Figure 4. Survival analysis in colon cancer patients from our cohort compared with LRP1 immunohistochemical expression in tumor cells

Kaplan-Meier curves of overall survival and event or progression free-survival probability for low (red line) and high (blue line) LRP1 immunohistochemical (IHC) score in adenocarcinoma cells whatever the tumor stage (A, B), in stage IV (metastatic) patients (C, D) and in stage IV patients treated with bevacizumab (E, F). IHC score were evaluated by multiplying staining intensity (0 to 3) and percentage of positive malignant cells (0 to 4) obtained with anti-LRP1 clone 8G1 immunolabelling. Median IHC score was used to separate low (score 0 to 4) and high (score 6 to 12) LRP1 IHC score. All p values were calculated using the log rank test.

Figure 5. Event-free survival analyses in an independant cohort

Publicly available SieberSmith gene expression dataset was obtained from R2 microarray analysis and visualization platform (http://r2.amc.nl), and used for survival analyses. Event-free survival Kaplan-Meier curves for LRP1 mRNA expression in all stages (A), in stage II (B) and in stage III patients (C). (D) Progression-free survival Kaplan-Meier curve for LRP1 mRNA expression in stage IV patients. All p values were calculated using the log rank test and computed using R2 online tools.

Figure 6. Analysis of LRP1 expression regulation by LRP1 gene mutation or methylation

(A) Somatic mutation data from the complete length of LRP1 gene obtained from colorectal cancer of the TCGA cohort using cBioportal for Cancer Genomics (http://cbioportal.org) web resources. Colored boxes present on the LRP1 gene representation correspond to exons encoding functional domains of LRP1. Green domain, low-density lipoprotein receptor domains; blue, low-density lipoprotein receptor repeats; yellow, coagulation factor Xa inhibitory site; orange, domain of unknown function; red, calcium-binding EGF domain; violet, complement Clr-like EGF-like. (B) Graphical representation of association of LRP1 mutational status with clinical and molecular tracks and LRP1 mRNA expression. (C) LRP1 mRNA expression levels comparison between LRP1 mutated and LRP1 wild type colorectal cancer. ^***p = 0.003, Mann Whitney test. Linear regression analyses between LRP1 mRNA expression levels and promoter methylation (D), intronic methylation (E), global DNA methylation levels approximated by LINE1 (F) in our cohort. (G) Correlation of LRP1 mRNA expression levels and LRP1 promoter methylation in data extracted from the TCGA.

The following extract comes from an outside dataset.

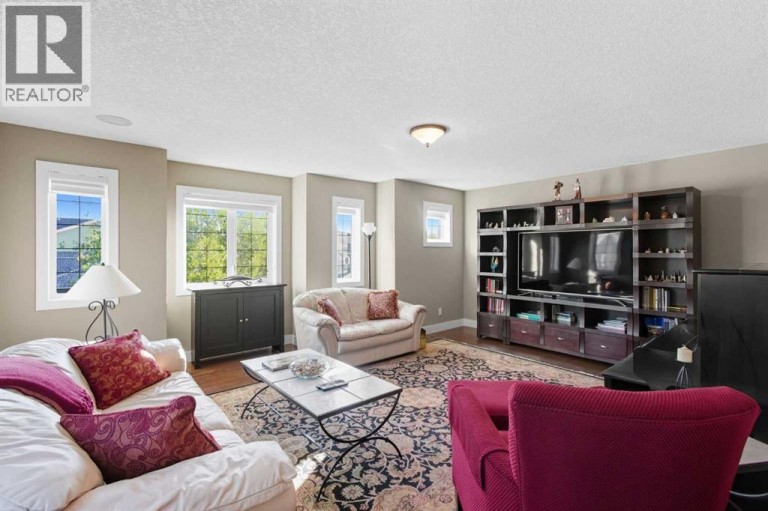 41 Evergreen Mount SW, Calgary, Alberta, T2Y0K1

Figure 7. Comparison of miR-205 and miR-338-5p expression with LRP1 expression

Analyses of miR-205 (A) and miR-338-5p (B) expression by qRT-PCR in fresh frozen colon cancer adenocarcinoma compared with normal colon mucosa from our cohort (^*p < 0.05, ^***p < 0.001, Mann Whitney test). Linear regression analysis of LRP1 mRNA expression levels evaluated by qRT-PCR on complete fresh frozen adenocarcinoma sample against miR-205 (C) and miR-338-5p (E) expression. Linear regression analysis of miR-205 (D) and miR-338-5p (F) expression against LRP1 immunohistochemical (IHC) score of tumor cells. IHC score was assessed by multiplying staining intensity (0 to 3) and percentage of positive tumor cells (0 to 4) with anti-LRP1 clone 8G1 immunolabelling.